Continuous Security Testing: The efficiency and adaptability of the multi-feedback evolutionary engine make continuous integration and regression testing in active DApp development pipelines achievable.
Dynamic Risk Assessment: By integrating runtime behavior metrics (e.g., gas usage anomalies, call graph expansion, abnormal event emission), LLAMA can be used in live monitoring or risk scoring for contracts on public chains.

The approach is extensible as new vulnerability categories emerge, or as contract languages evolve, by updating LLM prompting templates and the primitive set of feedback signals. This adaptability is facilitated by the modular, feedback-centric architecture.

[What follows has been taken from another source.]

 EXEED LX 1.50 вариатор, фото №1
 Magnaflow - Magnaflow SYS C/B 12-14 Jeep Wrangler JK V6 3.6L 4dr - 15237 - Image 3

7. Relationship to Prior and Contemporary Research

LLAMA advances beyond prior adaptive fuzzers (e.g., sFuzz (Nguyen et al., 2020)) by generalizing the single “distance-to-branch” signal into a multidimensional feedback vector encompassing dependency and semantic coverage. By integrating symbolic execution only on stagnation, it avoids the state explosion encountered in tools such as Oyente while achieving superior coverage. Contemporary work in LLM-guided vulnerability detection (Ince et al., 12 Jul 2024, Yu et al., 9 Nov 2024, Kevin et al., 17 Feb 2025, Yu et al., 23 Jun 2025) supports the premise that fine-tuned LLMs, when combined with domain-specific feedback and optimization, provide a robust backbone for next-generation fuzzing frameworks.

Furthermore, empirical studies in the field (Wu et al., 5 Feb 2024, Qiao et al., 9 Jun 2025) establish the necessity of multi-signal feedback systems both to maximize true positive rates and to address the practical adoption barriers—such as cross-chain compatibility, usability, and configurability—that LLAMA directly targets with its layered and modular design.

In summary, the LLAMA multi-feedback smart contract fuzzing framework embodies a confluence of LLM-driven seed synthesis, runtime multi-objective optimization, hybrid genetic and symbolic exploration, and adaptive scheduling. This enables systematic, efficient, and deep vulnerability discovery in increasingly complex smart contracts, establishing a foundational paradigm for secure blockchain deployment and operation.